Task to complete: Please copy, word for word, the line holding "Серый Мицубиси Лансер, объемом" and each line that follows it through the end of the entries, omitting any pictures.

Captioned web image data
────────────────────────────────────────

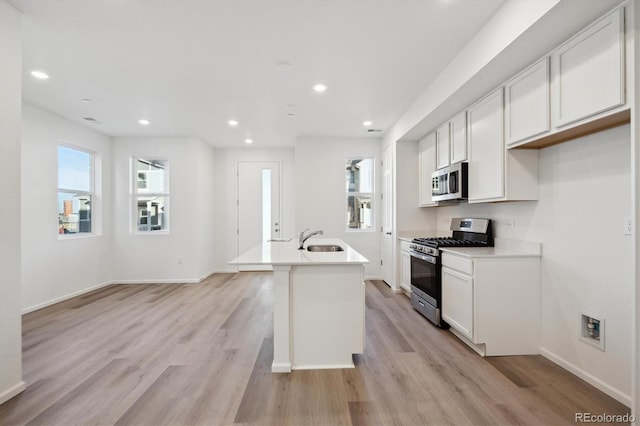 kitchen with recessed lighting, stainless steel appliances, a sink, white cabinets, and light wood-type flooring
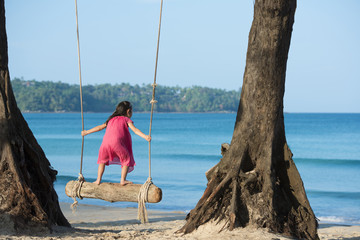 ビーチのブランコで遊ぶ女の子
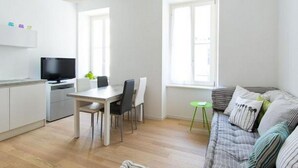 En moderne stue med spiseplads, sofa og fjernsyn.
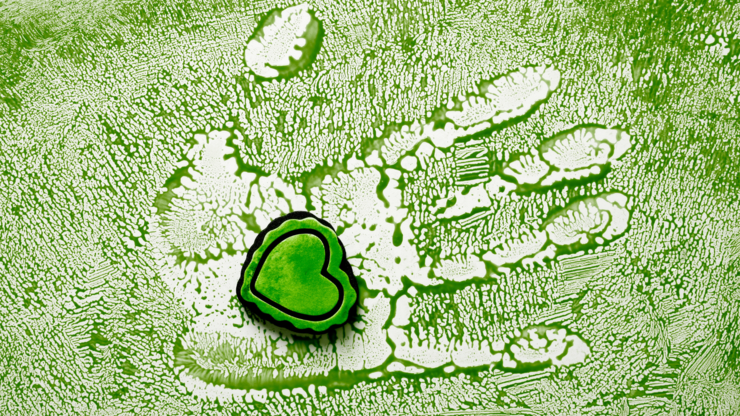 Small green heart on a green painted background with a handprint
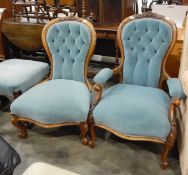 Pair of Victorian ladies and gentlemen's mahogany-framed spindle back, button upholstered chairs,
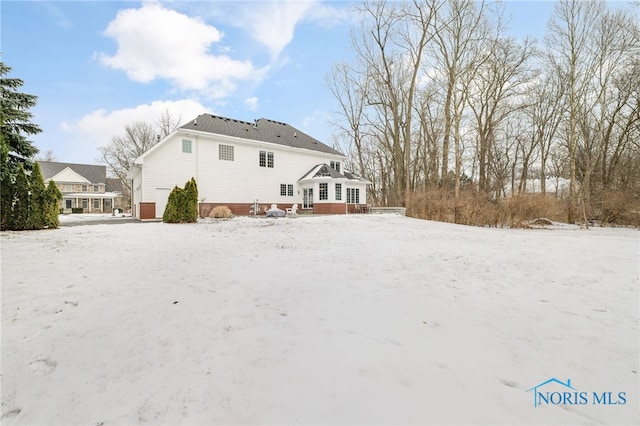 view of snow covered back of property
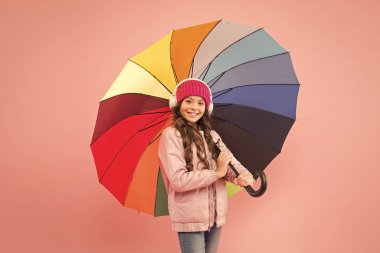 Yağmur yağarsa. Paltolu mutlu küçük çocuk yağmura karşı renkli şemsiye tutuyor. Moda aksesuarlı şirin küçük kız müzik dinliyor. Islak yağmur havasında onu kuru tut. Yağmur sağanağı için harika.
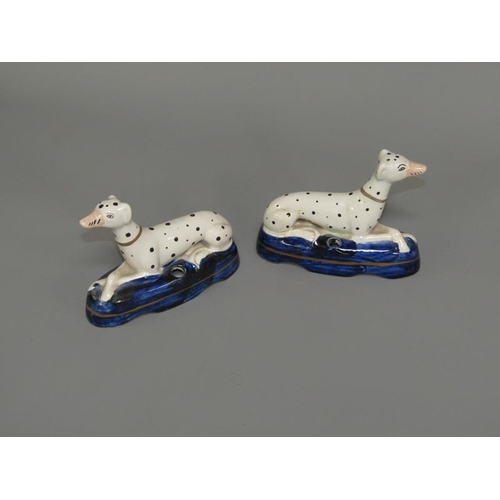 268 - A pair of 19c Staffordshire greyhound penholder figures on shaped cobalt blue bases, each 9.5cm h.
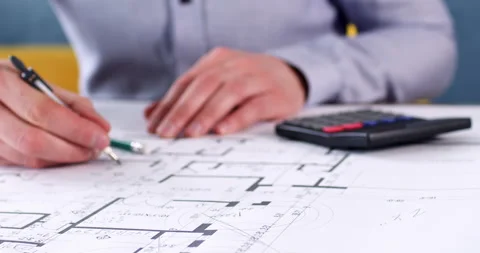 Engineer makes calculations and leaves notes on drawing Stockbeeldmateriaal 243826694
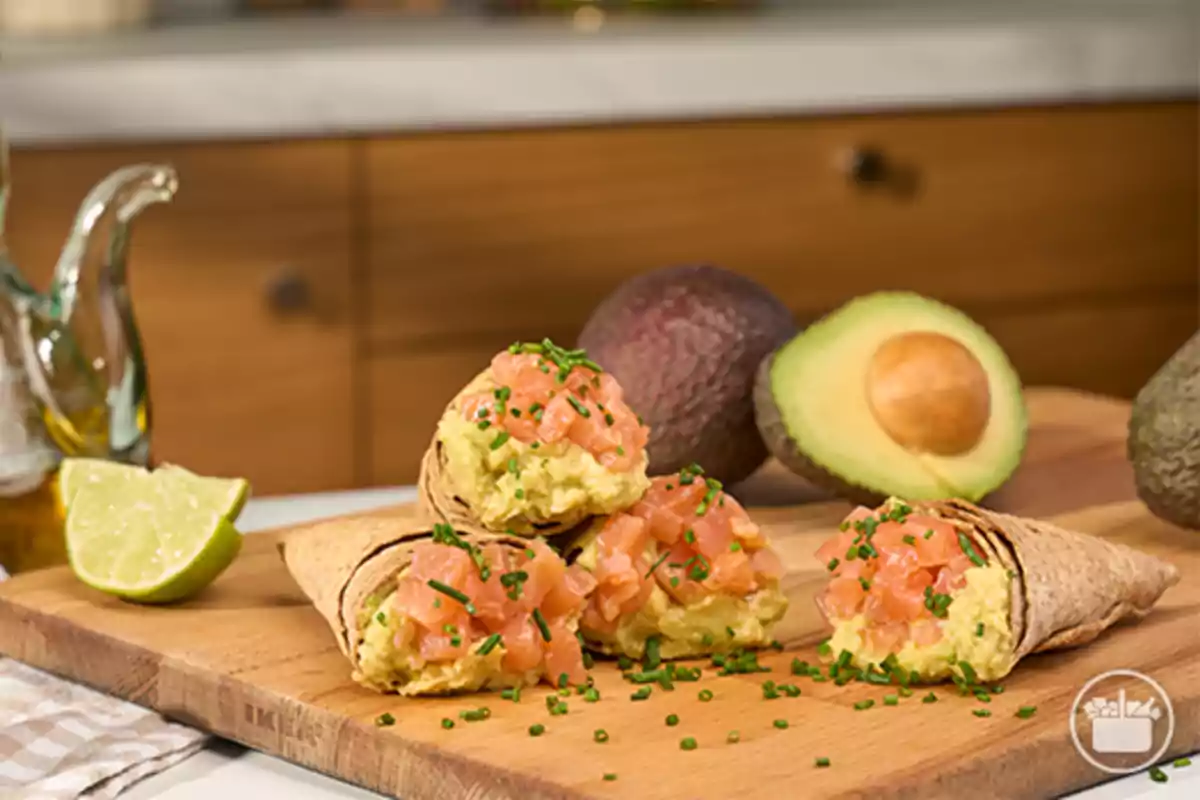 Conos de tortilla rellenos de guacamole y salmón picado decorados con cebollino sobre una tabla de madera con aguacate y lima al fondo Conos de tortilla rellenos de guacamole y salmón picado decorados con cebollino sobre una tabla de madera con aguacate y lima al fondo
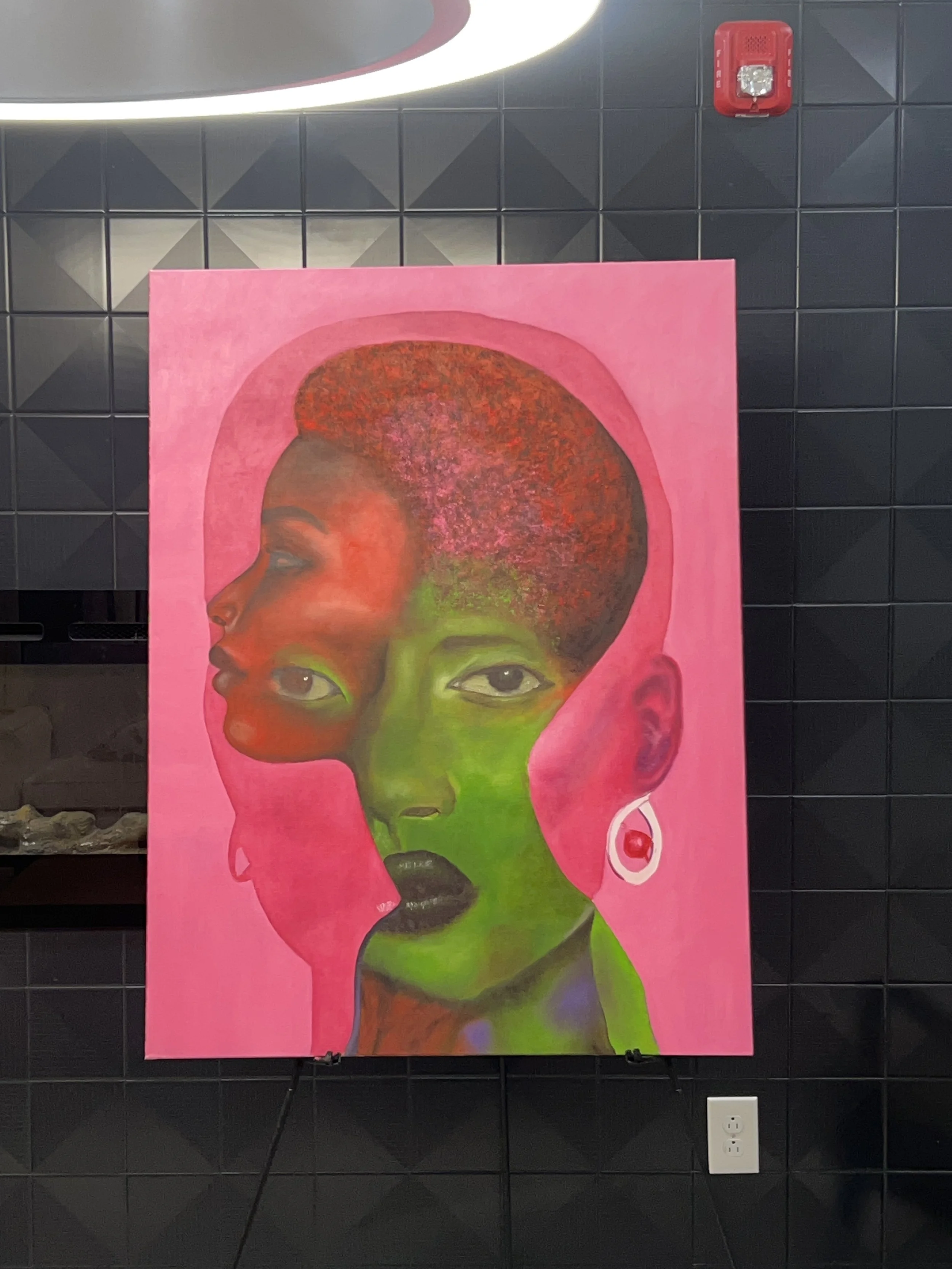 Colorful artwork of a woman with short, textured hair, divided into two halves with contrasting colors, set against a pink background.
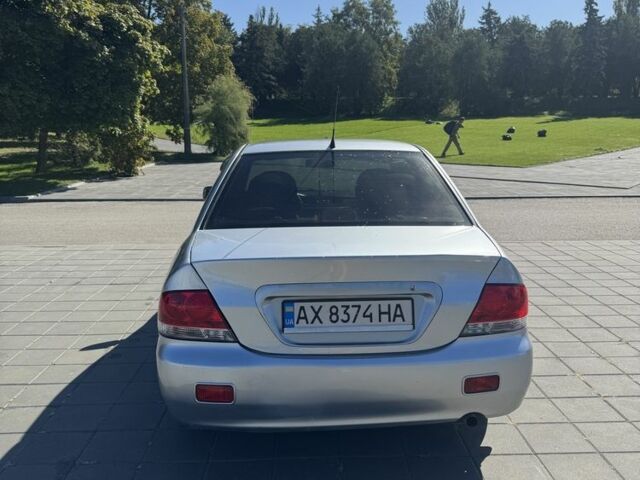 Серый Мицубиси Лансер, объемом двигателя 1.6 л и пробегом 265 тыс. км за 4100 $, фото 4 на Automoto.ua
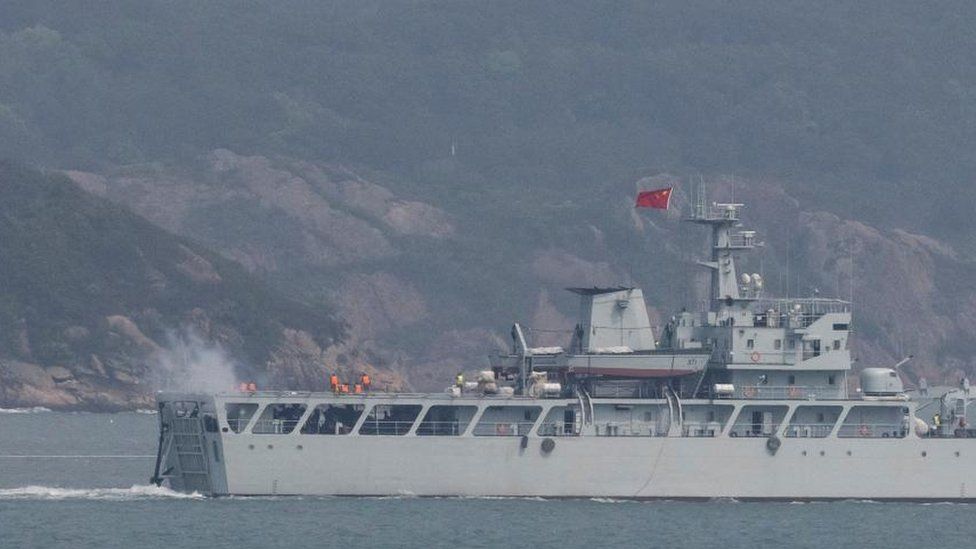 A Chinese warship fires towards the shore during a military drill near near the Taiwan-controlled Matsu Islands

────────────────────────────────────────

Response for this exercise:
 Серый Мицубиси Лансер, объемом двигателя 1.6 л и пробегом 265 тыс. км за 4100 $, фото 4 на Automoto.ua
 A Chinese warship fires towards the shore during a military drill near near the Taiwan-controlled Matsu Islands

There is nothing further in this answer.